Pourtant ce « Y » est neutre et asexué, il peut être celui d’un homme aussi bien que d’une femme. Mais en Inde, il ne doit pas être montré, et les femmes doivent le dissimuler quand elles sortent dans l’espace public.
Mystère, fécondité, plaisir
Interloquée, Lisa a tiré de cette expérience une série de 48 tableaux, les Crotches (entrejambe, en anglais), qu’elle a dévoilé à la Fondation des Etats-Unis, à la Cité universitaire, le 12 septembre dernier. Elle y explore avec une abondance de couleurs une variété de thèmes intemporels : le mystère, la fécondité, le plaisir, mais aussi l’enfermement et la peur.
Elle livre une vision poétique du sexe féminin, tout en restant pudique et métaphorique : comment les seuls plis du pantalon, si banals, peuvent-ils paraître indécents ? « J’ai eu envie d’inciter les visiteurs à regarder cette partie du corps autrement, dans toute sa multiplicité », explique-t-elle. Et sous son pinceau, l’« Y » emblématique devient feuille, triangle, labyrinthe…

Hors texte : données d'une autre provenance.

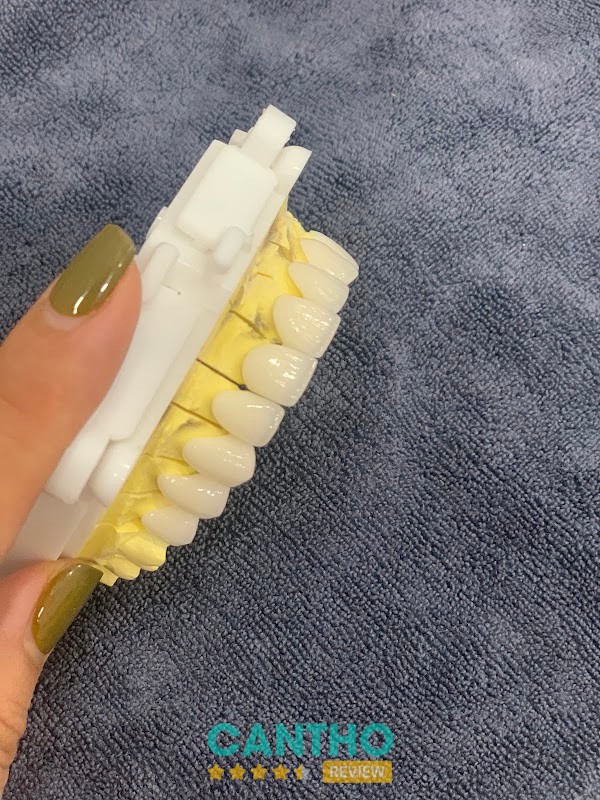 Khu vực điều trị tại Nha khoa Phú Mỹ Sóc Trăng – hình ảnh 3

Mais Lisa se garde d’avoir voulu faire un acte militant : « J’ai été élevée sans équivoque de genre. J’aspire à l’égalité entre femmes et hommes, mais je ne me considère pas comme féministe, ce n’est pas un terme qui me qualifie. »
Dans la série Crotches, elle détourne le « Y » et joue avec lui. Cette lettre de l’alphabet est devenue pour elle un moyen de parler de la femme à travers une zone de son corps, certes réduite, mais lourde de symboles et de tabous.
Un moyen d’expression pour la cause des femmes
Les 48 œuvres de la série Crotches font l’objet d’un catalogue, financé et réalisé par un comité de mécénat. À l’initiative de ce comité, Tamara Leylavergne, Entrepreneure d’avenir présidente de Protys, une plateforme internet de gestion de travaux de proximité, et qui connaît Lisa depuis 30 ans.
« Le catalogue est un très bon moyen pour s’imprégner de l’esprit des Crotches, assure-t-elle. Lisa y exprime sa démarche artistique et nous avons aussi demandé à des auteures d’apporter leur contribution. Et puis en devenant public, son travail ne lui appartient plus complètement. Il devient un moyen d’expression pour la cause des femmes, et il donne à réfléchir à tous ceux qui ne se posaient pas de questions sur l’égalité femmes hommes. »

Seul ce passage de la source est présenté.